As an example, I like the ability to use expressions on the left side of an
assignment (e.g. names(df) = "stuff"). But, it sounds like you are right that
the python developers are getting to learn from R's mistakes and avoid getting
locked into to legacy ideas.

As far as libraries... R has a lot. So I don't expect python to totally catch
up soon. But, I only use 10 or 15 R libraries, and those are really popular
libraries. So, unless you do an incredible range of stuff, python probably
doesn't hvae to completely catch up.

One major advantage for R is the package management system (CRAN).
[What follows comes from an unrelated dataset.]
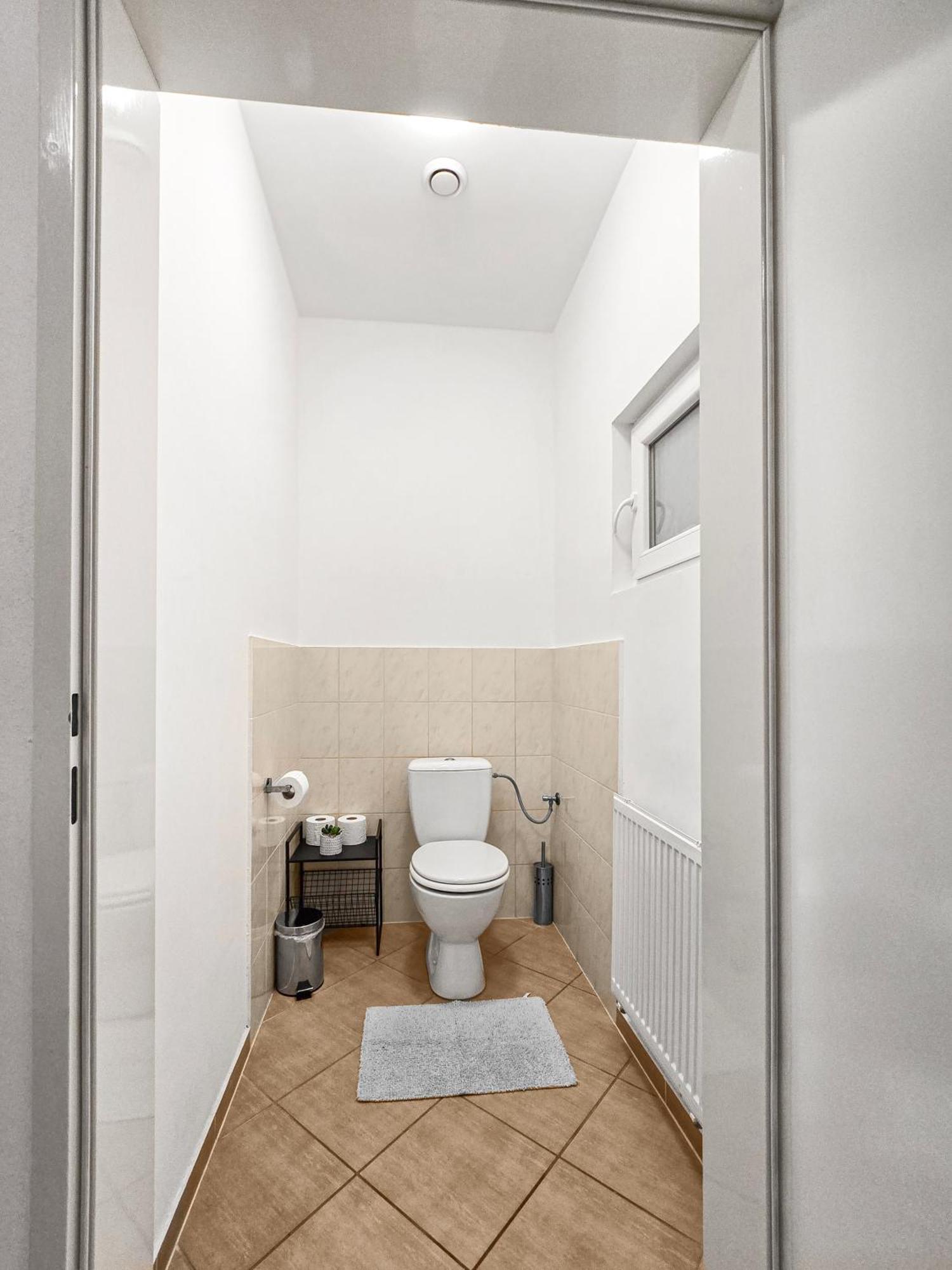Modern Three-Bedroom, Triple King Beds Вена Экстерьер фото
The
uniformity of the interface... the ability to search for stuff in it... that's
been really useful for me. Not sure if anything like that is in the works for
python.

Lastly, there are a lot of little helper functions that I've written for
myself in python that are part of base R. The first example that comes to mind
is head() to view the top few lines of a data structure. It seems strange that
python would be missing these little helper functions, but I never found it.

------
salimmadjd
I recommend reading this blog,for those interested in crunching numbers on
python <http://slendrmeans.wordpress.com/>

------
ruffyen
Looking at the table of contents, this seems like a great reference book for
several technologies. I think I am sold, especially with the free updates.

------
brianobush
does this include numpy, or is it just pandas?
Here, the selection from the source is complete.